**** Supplied records ****

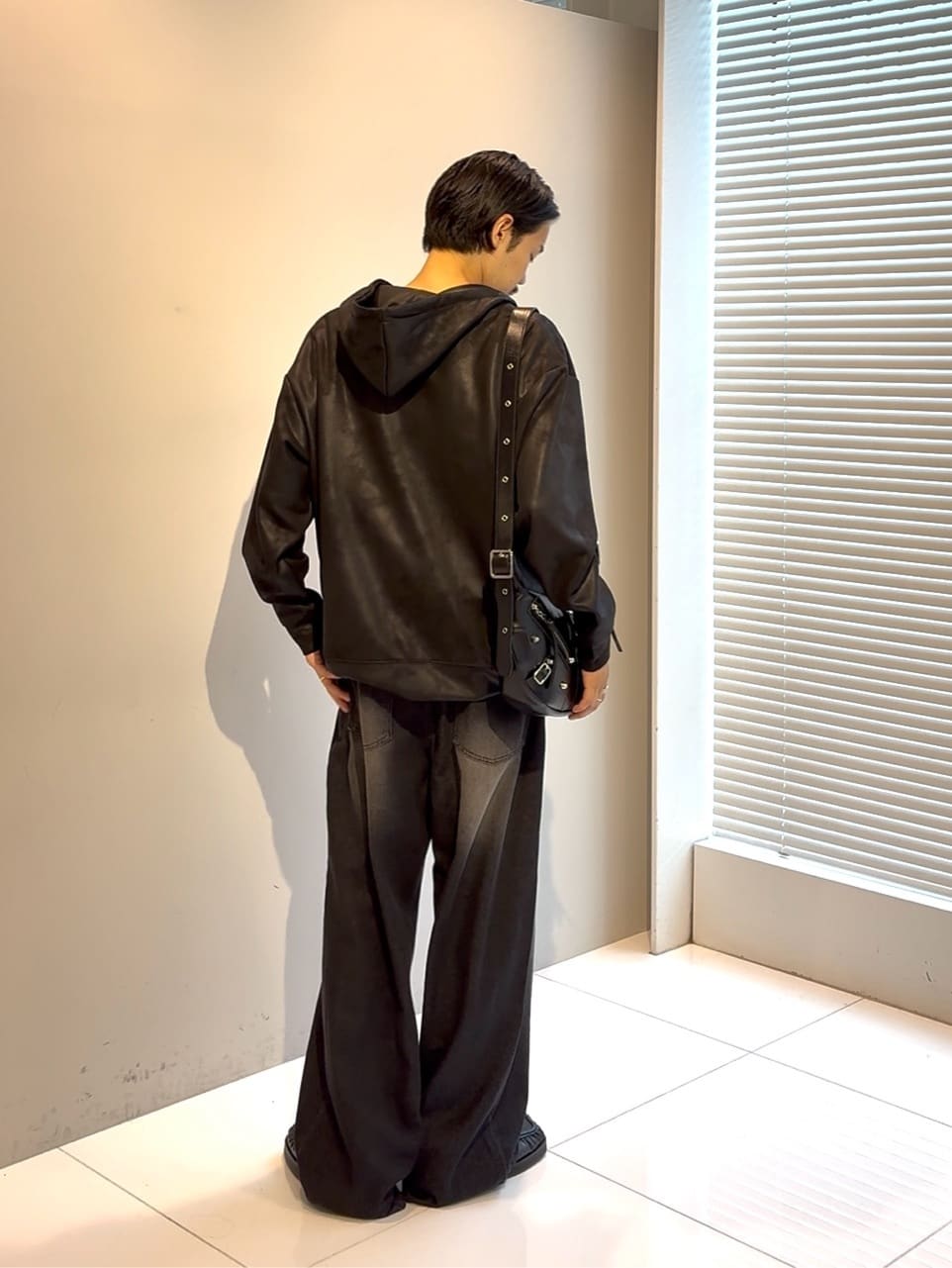 北浦歩大さんの「tk.TAKEO KIKUCHI｜ヴィンテージライクプリント ジップパーカー」を使ったコーディネート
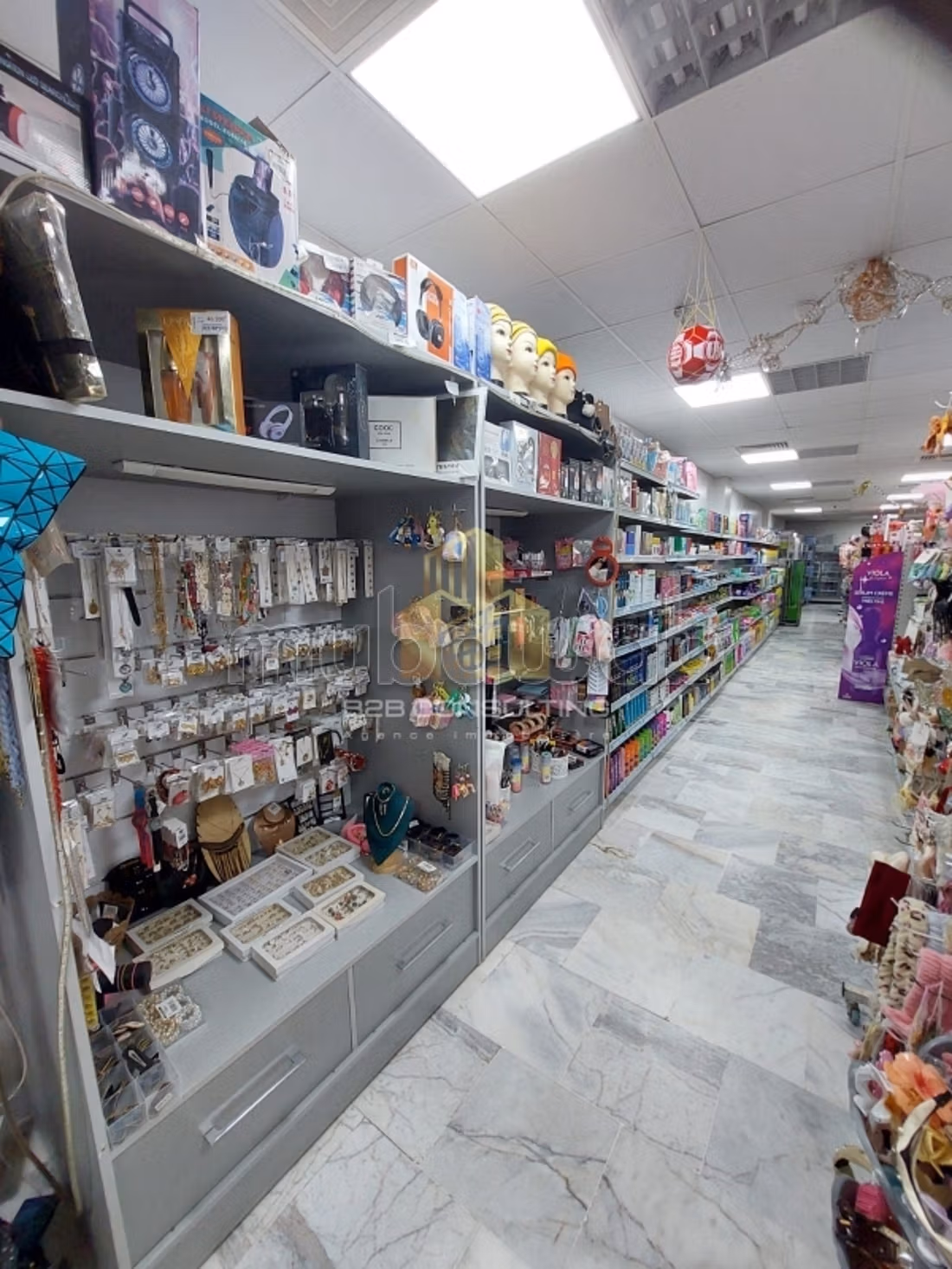 A vendre fond de commerce au charguia 2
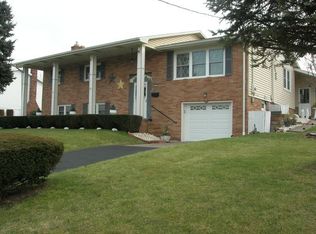 702 3rd St #L-7, Archbald, PA 18403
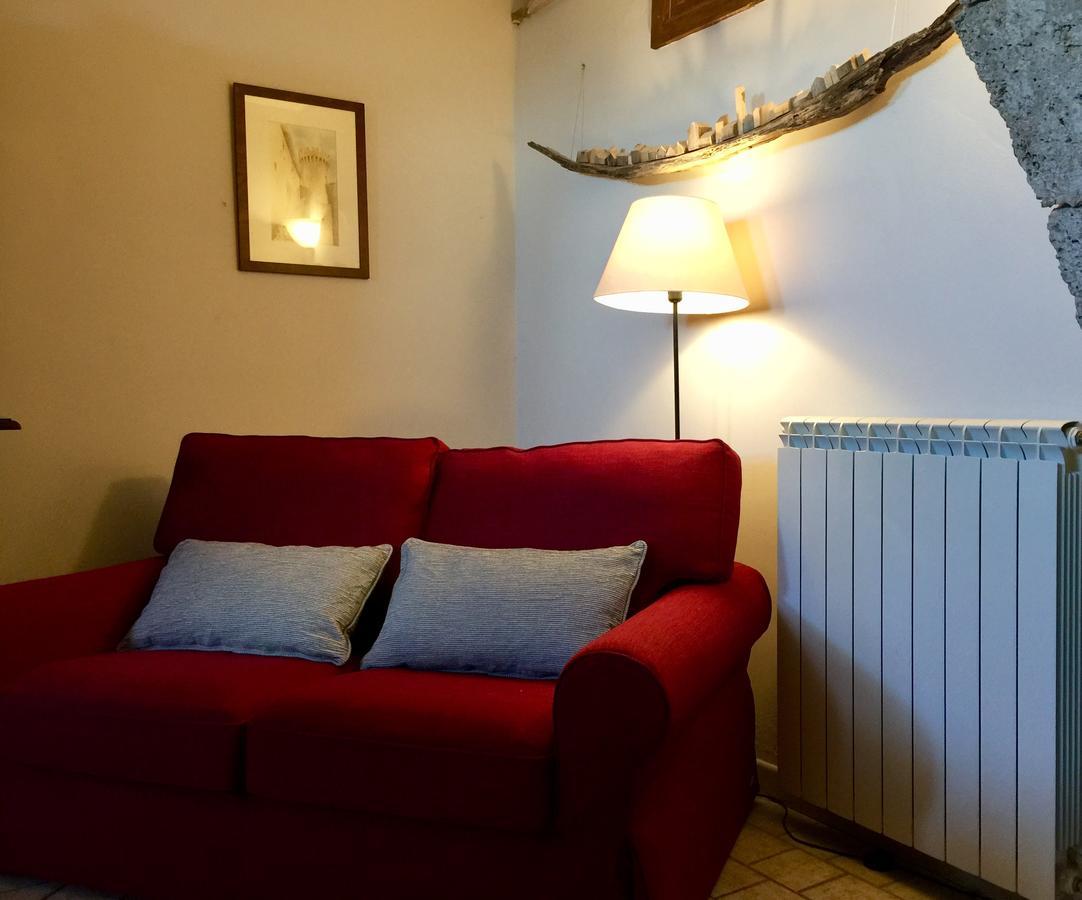Residenza La Torre Aparthotel Santo Stefano Di Sessanio Exteriör bild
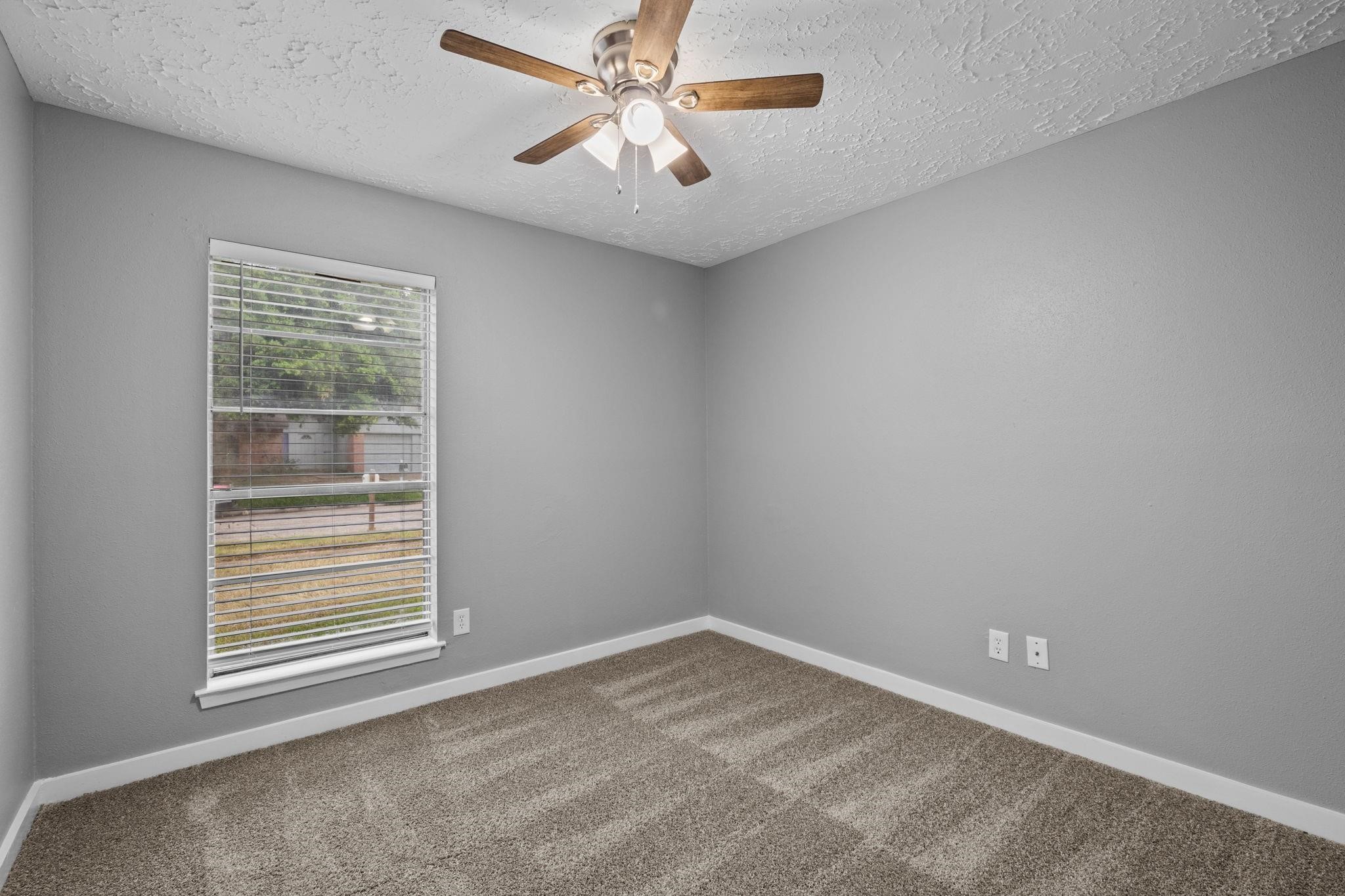8122 Swan Meadow Lane Property Photo 19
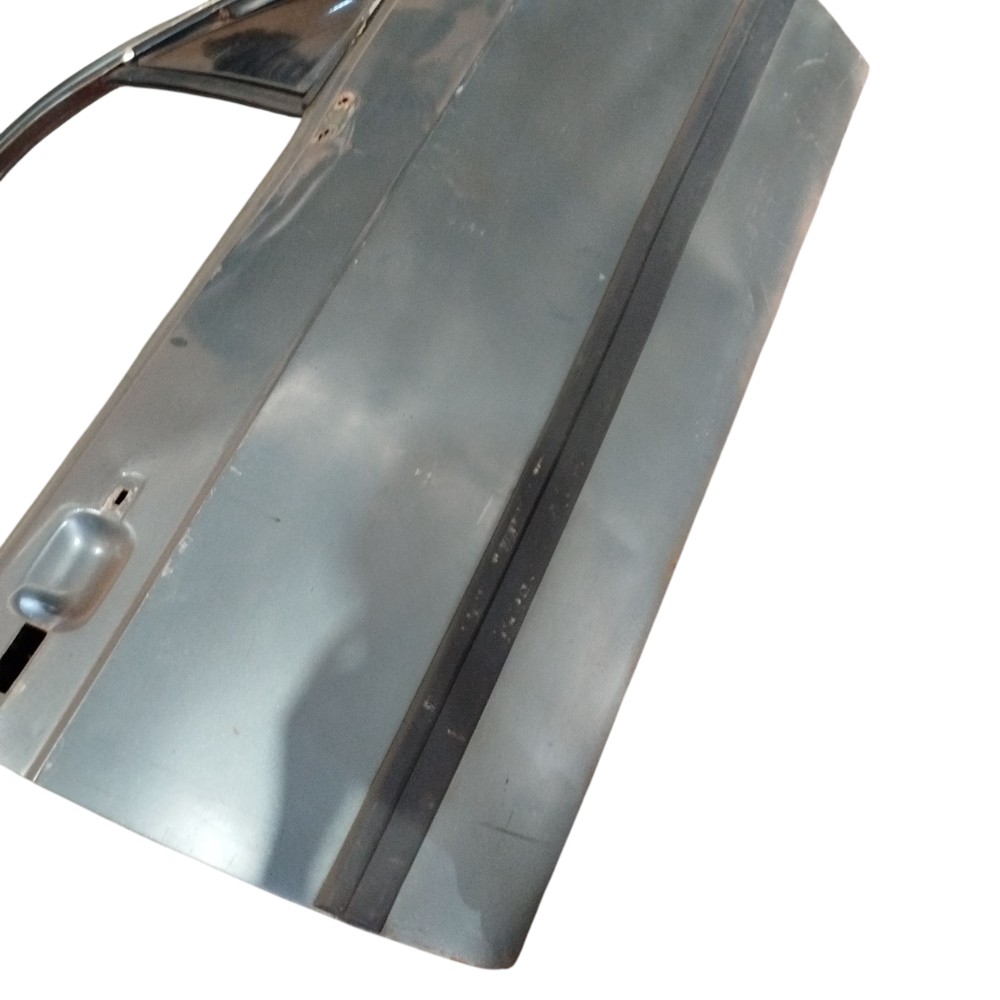 Porta Dianteira Direita Vw Gol Parati 1988 A 1994Traseira Direito 2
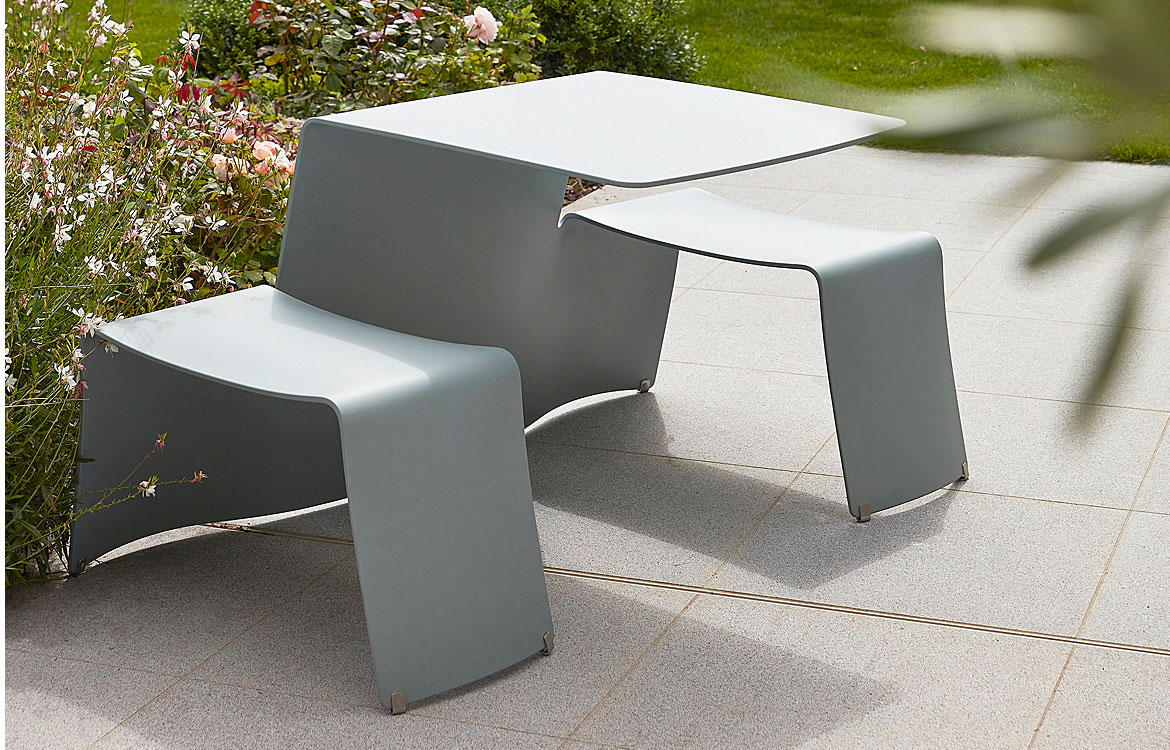 Grey colour metal outdoor canteen seting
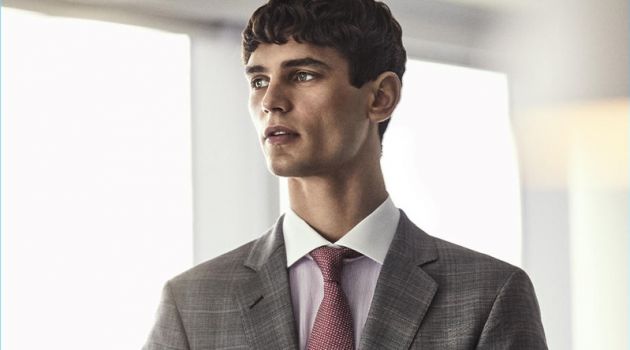 Arthur Gosse Covers Código Único, Dons Sharp Business Looks Arthur Gosse Covers Código Único, Dons Sharp Business Looks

****

▸ Work task
Here the job is to retype exactly the lines that start at the one containing "702 3rd St #L-7, Archbald, PA 18403" and run through the end of the records above, leaving out pictures.

▸ Your solution
 702 3rd St #L-7, Archbald, PA 18403
Residenza La Torre Aparthotel Santo Stefano Di Sessanio Exteriör bild
8122 Swan Meadow Lane Property Photo 19
 Porta Dianteira Direita Vw Gol Parati 1988 A 1994Traseira Direito 2
 Grey colour metal outdoor canteen seting
 Arthur Gosse Covers Código Único, Dons Sharp Business Looks Arthur Gosse Covers Código Único, Dons Sharp Business Looks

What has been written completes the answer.